> **Task brief**
Without pictures, repeat the lines of the entries from the one containing "Tappeto Kilim Afghanistan" through the last, both ends included, and nothing else.

> **Recorded information**
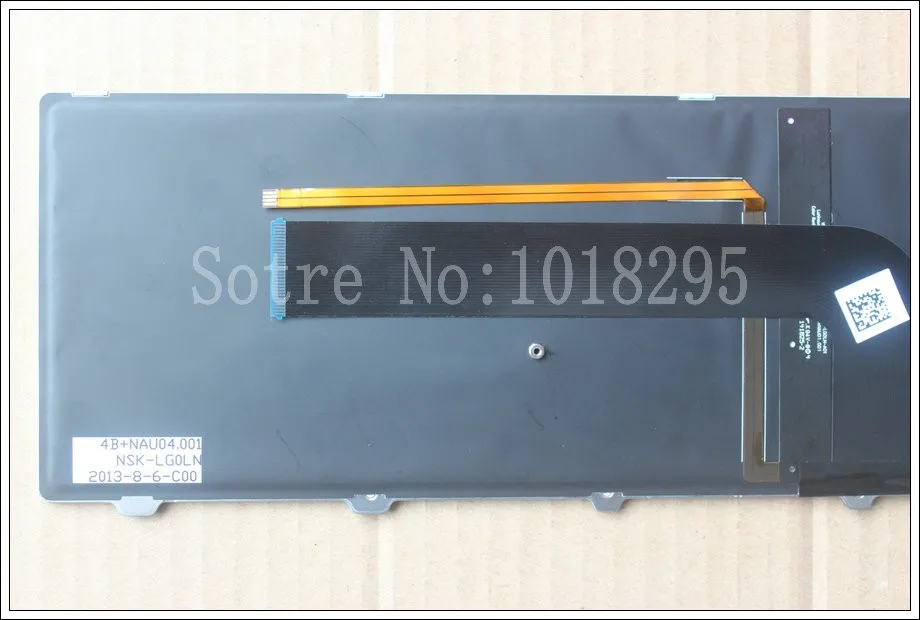 Новая клавиатура для ноутбука Dell Inspiron 15-7000 7537 серии FR/French с подсветкой 09RFW6 SN8221BL |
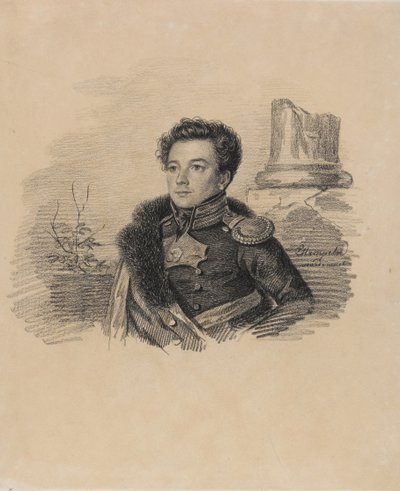 صورة لـ AP Butovsky ، بين عامي 1817 و 1826. بواسطة Carl von Hampeln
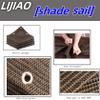 HDPE Sun Shade Sail, Breathable, 3.5 x 8 m, UV-Resistant, Square view 4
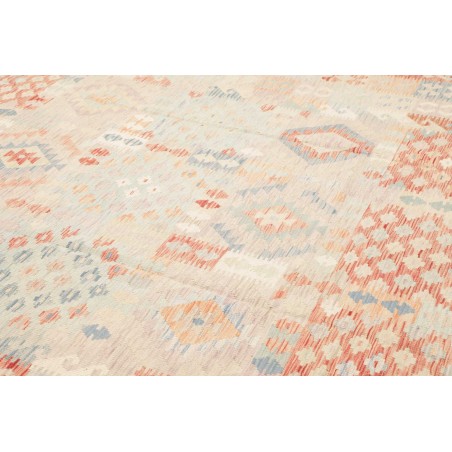 Tappeto Kilim Afghanistan bianco rosso 247x342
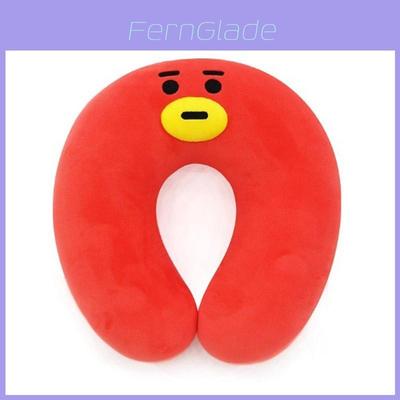 Kpop Bts Poduszka w kształcie litery U Bt21 Kreskówka Podróżna Dom Salon Sofa Prezenty Poduszka
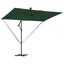 Parasol Grøn 294 x 200 x 270 cm Polyester og Aluminium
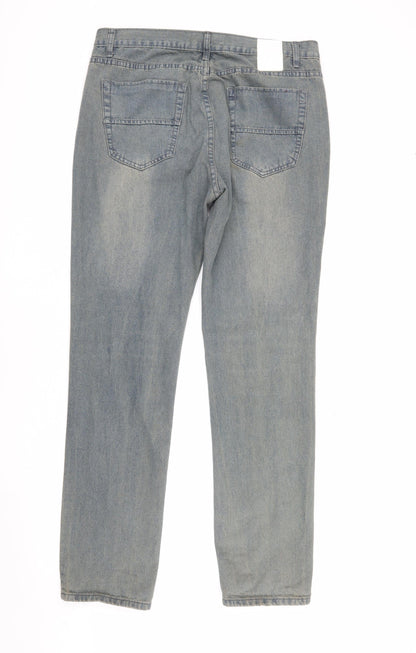 Mens UK Size 36R Soulstar Regular Fit Straight Blue Jeans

> **Solution for this task**
 Tappeto Kilim Afghanistan bianco rosso 247x342
 Kpop Bts Poduszka w kształcie litery U Bt21 Kreskówka Podróżna Dom Salon Sofa Prezenty Poduszka
 Parasol Grøn 294 x 200 x 270 cm Polyester og Aluminium
 Mens UK Size 36R Soulstar Regular Fit Straight Blue Jeans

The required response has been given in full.